** Dataset content **
◇ ◇ ◇ ◇

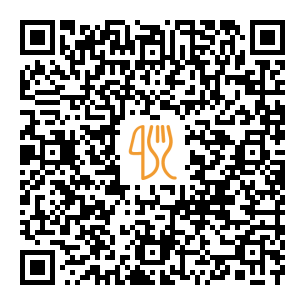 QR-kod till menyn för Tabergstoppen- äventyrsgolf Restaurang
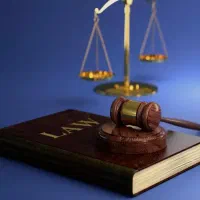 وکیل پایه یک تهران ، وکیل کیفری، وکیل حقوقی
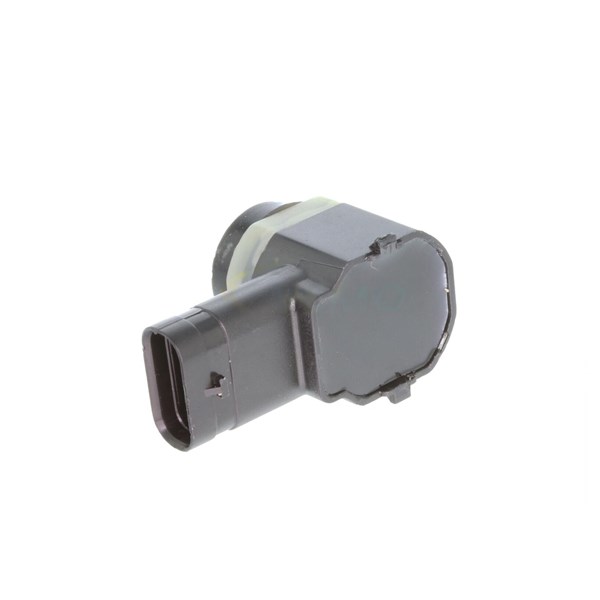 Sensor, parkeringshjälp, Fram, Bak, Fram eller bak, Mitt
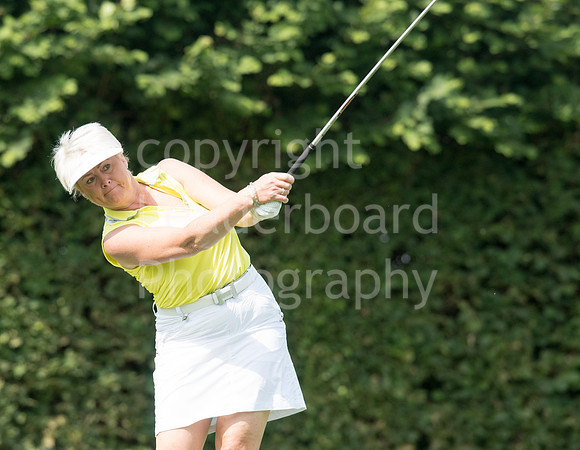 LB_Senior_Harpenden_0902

◇ ◇ ◇ ◇

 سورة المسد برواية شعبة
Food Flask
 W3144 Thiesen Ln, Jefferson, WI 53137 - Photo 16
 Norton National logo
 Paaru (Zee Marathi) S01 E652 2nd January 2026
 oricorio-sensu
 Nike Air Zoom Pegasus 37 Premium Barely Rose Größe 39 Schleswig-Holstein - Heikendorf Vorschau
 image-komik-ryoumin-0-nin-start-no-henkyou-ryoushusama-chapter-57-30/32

◇ ◇ ◇ ◇

** Task to complete **
In the data above, take the line with "QR-kod till menyn", the line with "LB_Senior_Harpenden_0902", and every line between, and set them down exactly without pictures.

** Task solution **
 QR-kod till menyn för Tabergstoppen- äventyrsgolf Restaurang
 وکیل پایه یک تهران ، وکیل کیفری، وکیل حقوقی
 Sensor, parkeringshjälp, Fram, Bak, Fram eller bak, Mitt
 LB_Senior_Harpenden_0902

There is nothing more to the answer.